**THE PROBLEM**
Could you copy the data that follows exactly as written, but drop the pictures?

**INFORMATION PROVIDED**
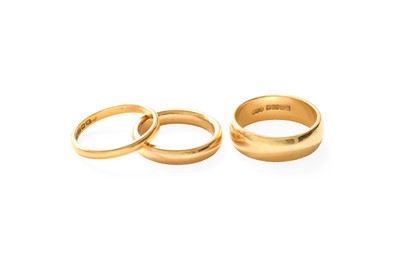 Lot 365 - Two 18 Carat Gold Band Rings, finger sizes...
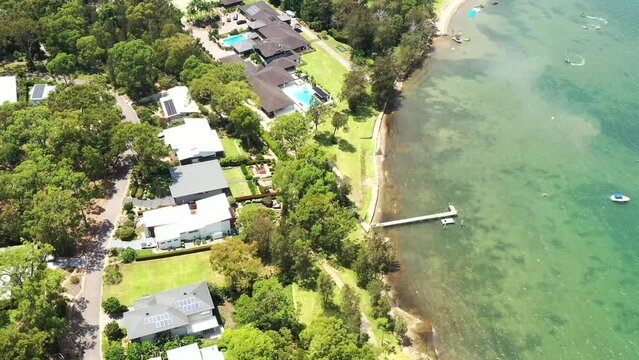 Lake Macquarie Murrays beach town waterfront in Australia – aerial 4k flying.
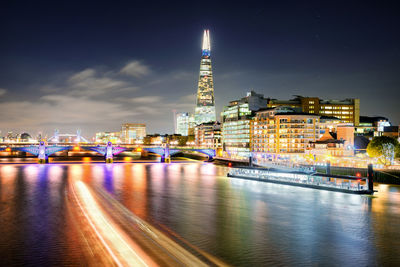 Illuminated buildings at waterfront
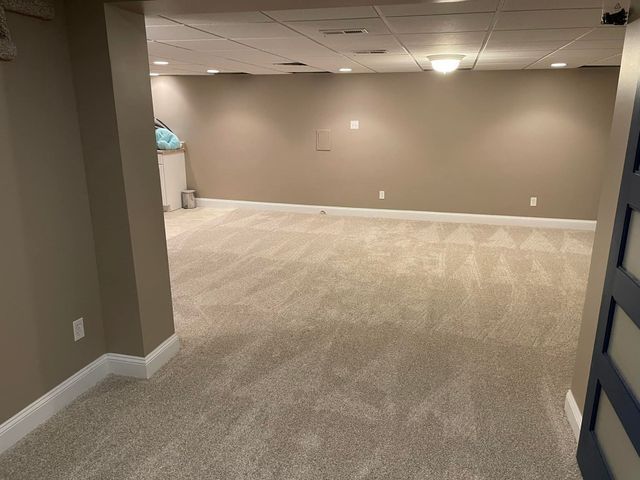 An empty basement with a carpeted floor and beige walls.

**ANSWER BOX**
 Lot 365 - Two 18 Carat Gold Band Rings, finger sizes...
 Lake Macquarie Murrays beach town waterfront in Australia – aerial 4k flying.
 Illuminated buildings at waterfront
 An empty basement with a carpeted floor and beige walls.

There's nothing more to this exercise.